New East Digital Archive

Bosnians urged to become guards at closed National Museum

Bosnians urged to become guards at closed National Museum
The National Museum of Bosnia and Herzegovina in 2011 (Image: Jennifer Boyer under a CC licence)

7 August 2015

Bosnian citizens have been invited to become volunteer museum guards at the National Museum of Bosnia and Herzegovina in Sarajevo, which closed three years ago.

Volunteer museum guards will work alongside former museum employees who still turn up to work to help conserve the exhibits, despite not receiving any salary since 2012. Shifts last from 10am to 6pm, and require ten to 15 people.

The volunteering initiative is part of a wider campaign called “I am the Museum”, aimed at highlighting not only the challenges the museum faces, but also its continued survival, despite being officially closed.

“This shows that people have not forgotten about the museum and that they are not simply walking past its closed doors,” said Ines Tanović Sijerčić, one of the campaign organisers.
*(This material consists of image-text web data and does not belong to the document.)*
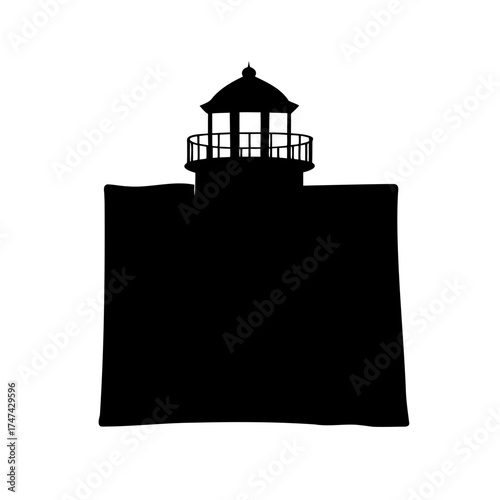 Silhouette of a classic and unique maritime lighthouse standing tall and beautiful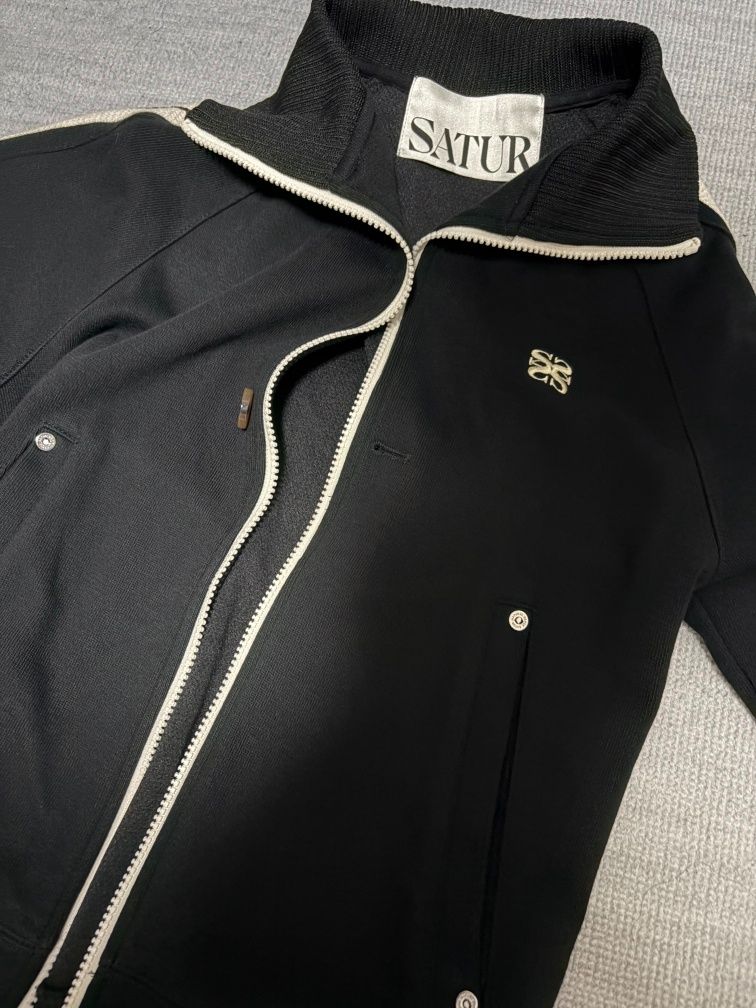 MUSINSA | SATUR Lawton All Day Track Zip Up Jacket Caviar Black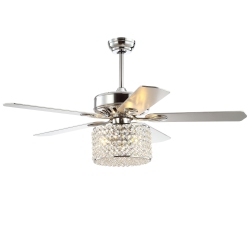 JONATHAN Y Brandy Crystal Prism Drum Led Ceiling Fan With Remote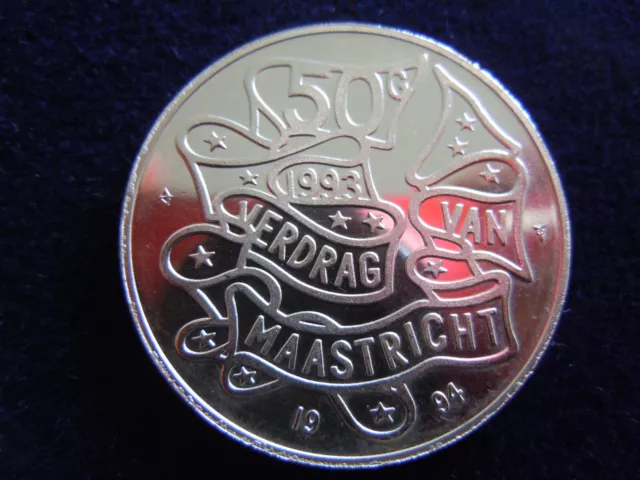 50 Gulden 1994 Beatrix, Vertrag v. Maastricht, 25 g 925er Silber, unc !!!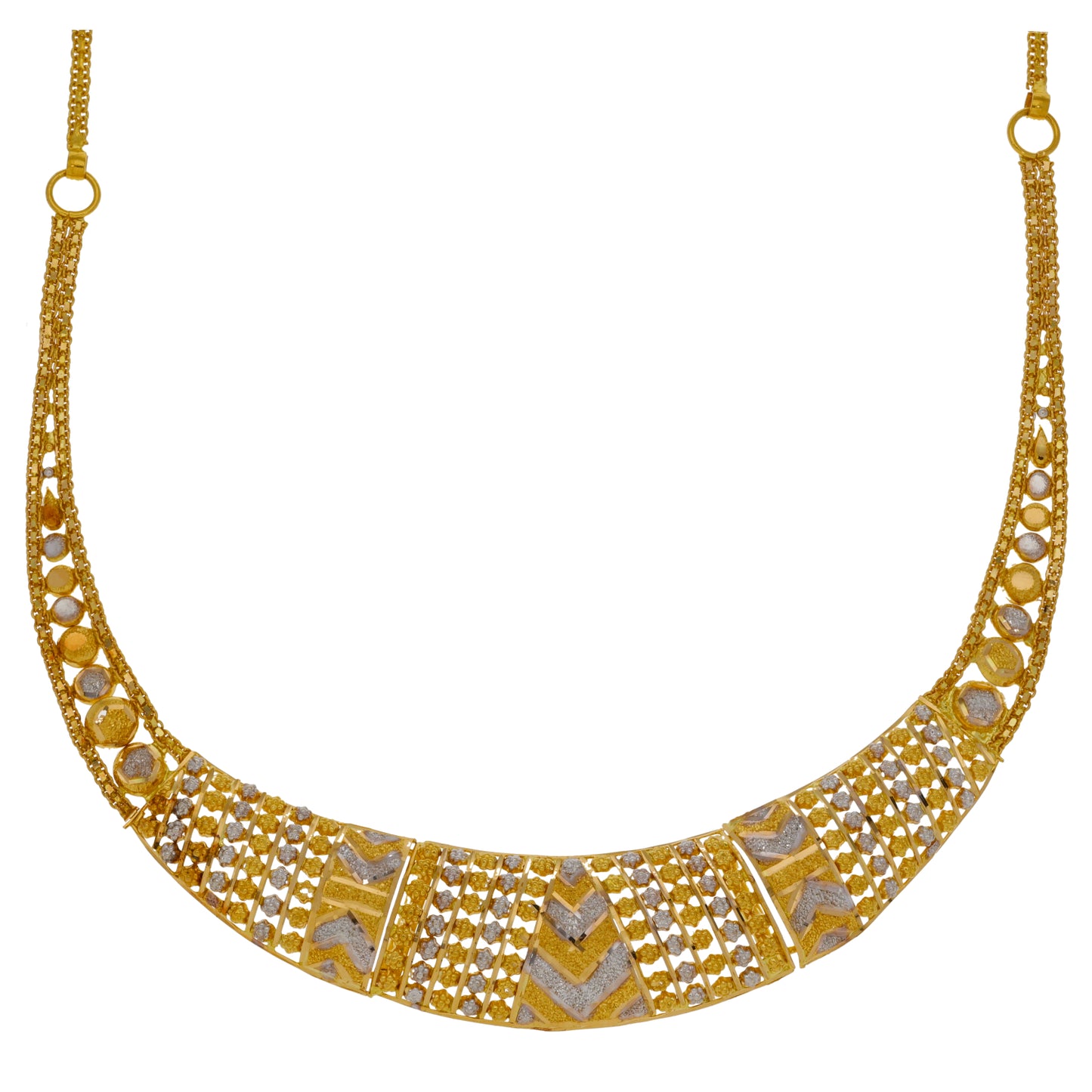 22ct Bi-Colour Gold Fancy Necklace 18"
She also revealed that there has been a huge response to the campaign, particularly among families whose children were not able to visit the museum while it was open.

Founded in 1888, the National Museum struggled to survive during the peacetime that followed the violent inter-ethnic conflict of the 1990s, bereft of funding as Bosnia and Herzegovina’s two semi-autonomous regions, the Republika Srpska and the Muslim-Croat Federation, started to promote their own culture and history, and began to largely reject the notion of Bosnia and Herzegovina possessing national institutions.